WHAT THIS TASK INVOLVES: Print the entries in full, word for word, but not the pictures.

INPUT:
◆ ◆ ◆ ◆ ◆

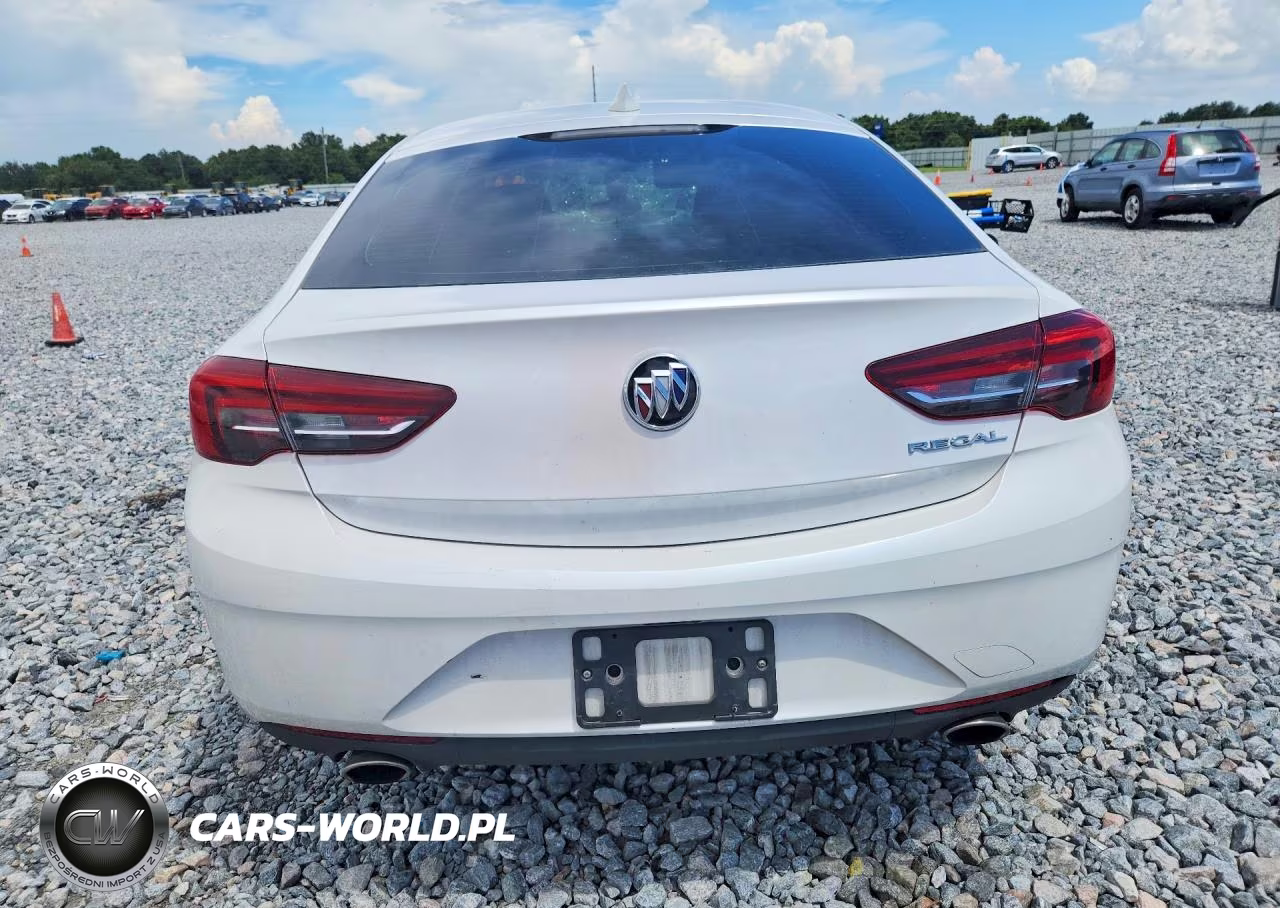 2019 Buick Regal Preferred VIN:W04GL6SX3K1005400 - 6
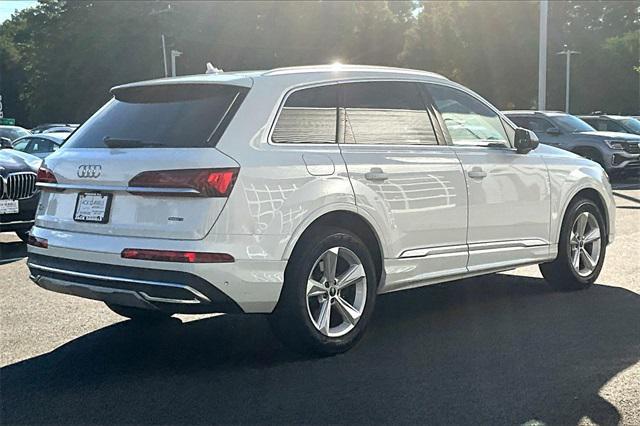 used 2022 Audi Q7 car, priced at $36,499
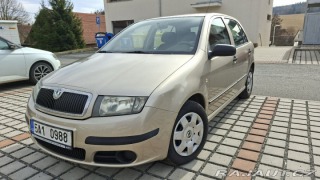 Škoda Fabia 1,2 HTP, 47 kW 2005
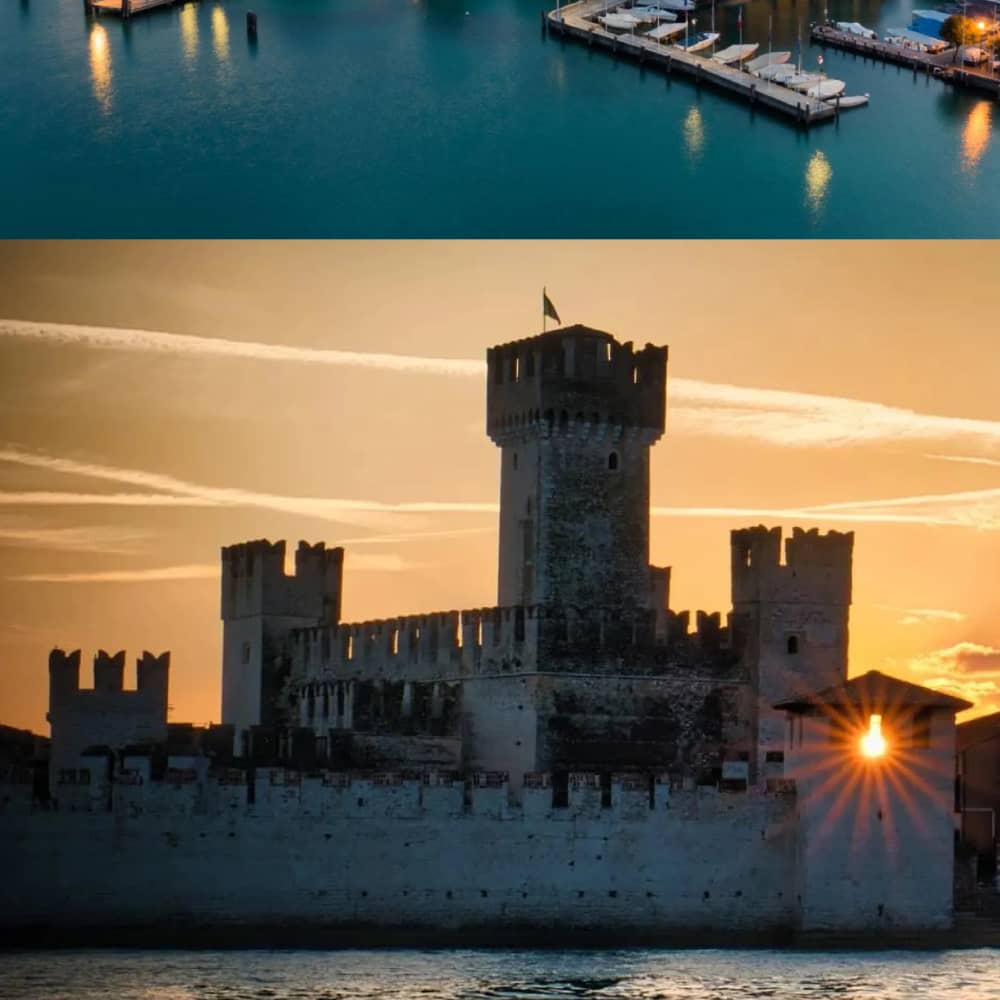 Sirmione Sunset Tour 1 hour - with Aperitif 6 px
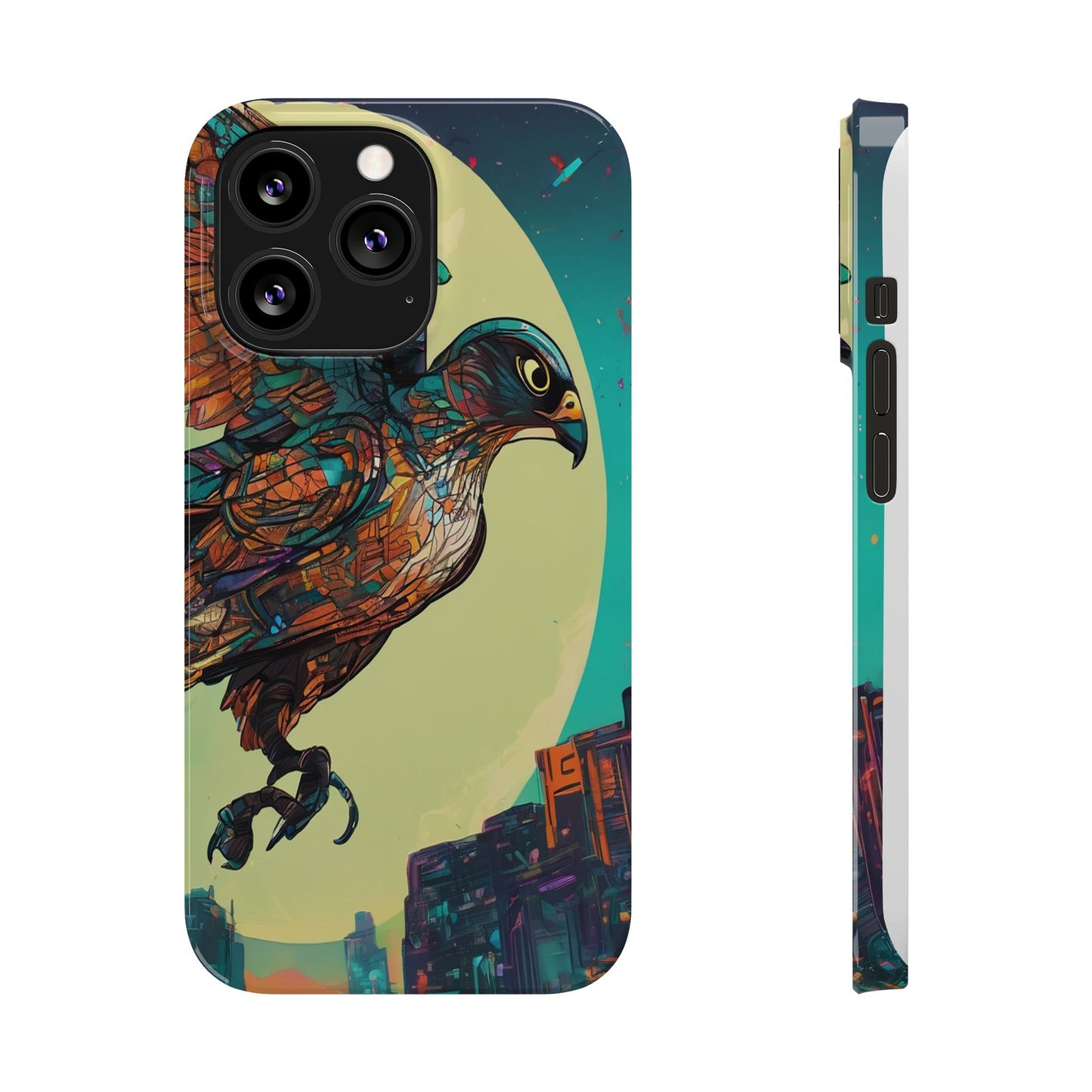 Slim Glossy Phone Case | Lexan Polycarbonate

◆ ◆ ◆ ◆ ◆

SOLUTION TO THIS EXERCISE:
 2019 Buick Regal Preferred VIN:W04GL6SX3K1005400 - 6
 used 2022 Audi Q7 car, priced at $36,499
 Škoda Fabia 1,2 HTP, 47 kW 2005
 Sirmione Sunset Tour 1 hour - with Aperitif 6 px
 Slim Glossy Phone Case | Lexan Polycarbonate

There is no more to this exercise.